Die zweite Gruppe der Freunde, die keine Zeit haben, besteht aus den Leuten, die wirklich keine Zeit haben. Oder das zumindest behaupten. Sie lesen keinen Blog, schauen sich kein Foto an, antworten auf keine Mail, auf keine Nachricht. Wenn man ein paar Monate weg war, ist es, als hätte man nie existiert. Da gibt es zum Beispiel die aus dem Nachbarhaus, die zu Beginn meines Studiums plötzlich mit Wein vor meiner Tür standen – sie hatten mich nie gesehen, hatten aber Lust auf Gesellschaft. Man saß zusammen und es entwickelte sich eine tolle Nachbarschaft. Wenn eben diese Leute nicht zu der Abschiedsfete kommen, die man meint schmeißen zu müssen, bevor man für so lange Zeit abhaut, ist das in Ordnung. Wenn sie sich mit den Worten entschuldigen, sie wären eingeschlafen, kann ich damit leben. Wenn dann jedoch seit dem Tag an dem man fliegt kein Piep mehr von diesen Menschen kommt, dann hat sich der Begriff „Freundschaft“ für mich erledigt. Bei manchen ist das ok, doch es gibt auch solche, die sich nie melden nachdem man sich seit der fünften Klasse kennt, die immer ein guter Freund waren und plötzlich einfach nicht mehr da sind.

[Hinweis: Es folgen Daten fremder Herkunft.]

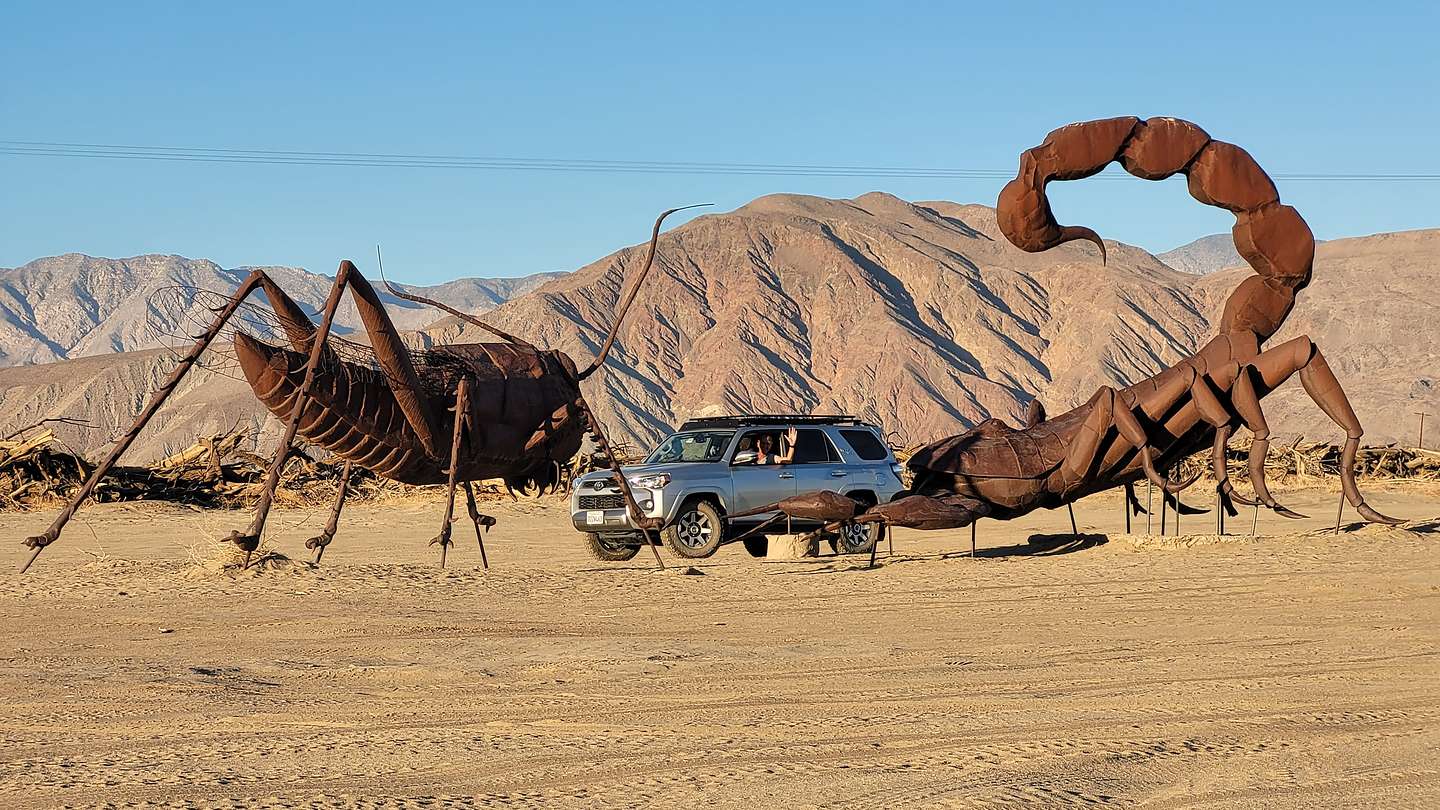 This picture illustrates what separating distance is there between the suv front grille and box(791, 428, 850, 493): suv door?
2.37m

Ein bisschen ähnlich ist mit den Leuten, die mal richtig gute Freunde waren, die aber einfach keine Lust zum Lesen haben. Das verstehe ich auch vollkommen und ich will niemanden daran hindern, selbst zu entscheiden, ob er seinen Nachmittag damit verbringt, jemandem beim Schwärmen vom Paradies zuzuhören. Doch wenn diese sogenannten „Freunde“ nicht mal mehr wissen, dass ich überhaupt weg bin, nicht mal anrufen und merken, dass meine Nummer nicht mehr funktioniert und nicht mal nachfragen, dann fragt man sich manchmal schon, ob man ihnen wirklich noch in irgendeiner Weise wichtig ist. Sowas passiert, wenn man plötzlich Nachrichten bekommt, in denen man gefragt wird, ob man nicht nächste Woche Lust auf Kino hat. Na klar hätte ich Lust – steig in den nächsten Flieger und in 29 Stunden bin ich bei dir? Nein danke...

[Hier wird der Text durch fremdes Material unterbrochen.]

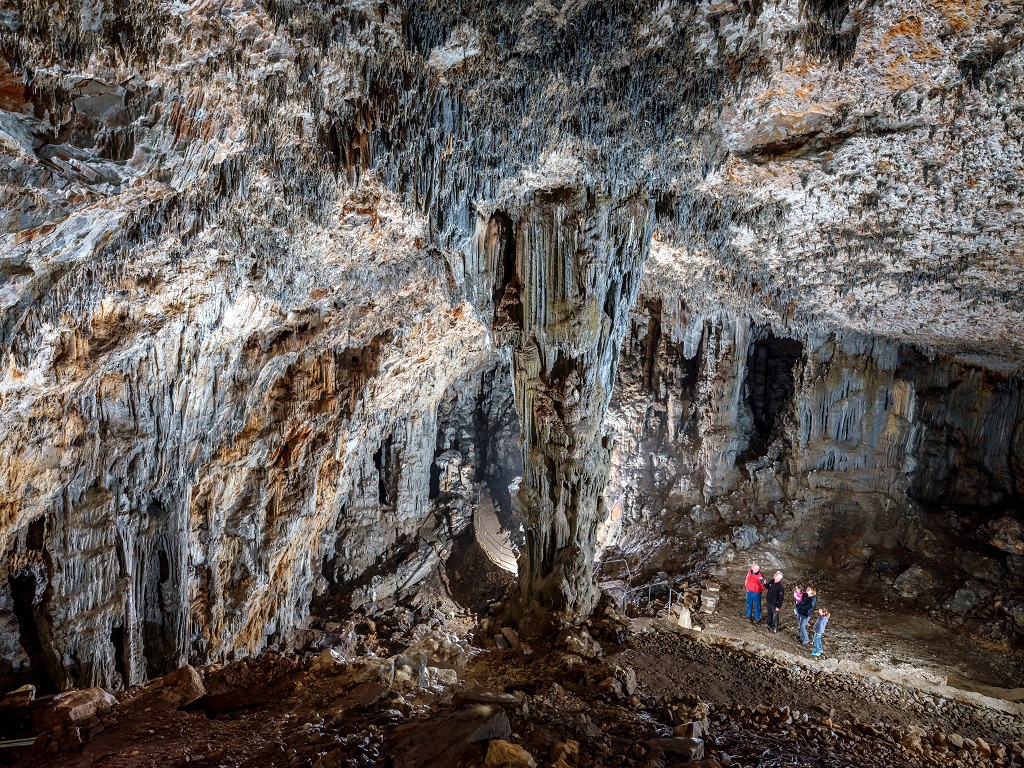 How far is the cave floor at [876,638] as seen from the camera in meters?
7.64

Neben den ganzen Freunden und Verwandten und Ex-Freundschaften gibt es immer Menschen, mit denen man irgendwie Kontakt hat, aber die eigentlich Freunde von Freunden oder Freunde der Eltern o.ä. sind. Und ich muss ganz ehrlich sagen, über ihre Nachrichten freue ich mich immer besonders – wenn man so viel schreibt und knipst wie ich, ist es manchmal sehr bedrückend zu sehen, dass niemand liest, was ich von mir gebe. Natürlich weiß ich von einigen, dass sie lesen - „Beweise“ dafür bekomme ich fast nie. Aber diese um-die-Ecke-Bekannten freuen sich über jeden Eintrag, schreiben ellenlange Nachrichten, stellen Fragen über Fragen und loben meine Fotos. Da bekommt man als Schreiberling das Gefühl, wirklich etwas zu schaffen und nicht einfach nur Tagebuch zu schreiben. Mit diesen Bekanntschaften verbindet einen sonst oft nichts anderes und man wüsste gar nicht über was man schreiben könnte.
Ja, das Reisen kann mit Freundschaften so einiges anstellen. Manchmal ist es traurig beim Zerfall zuzusehen und nichts tun zu können, aber ich merke doch, wieso ich das Reisen trotz allem so liebe: Wenn man heimkommt und sieht, wer einen noch kennt oder kennen will, dann weiß man, wer wirklich ein Freund ist.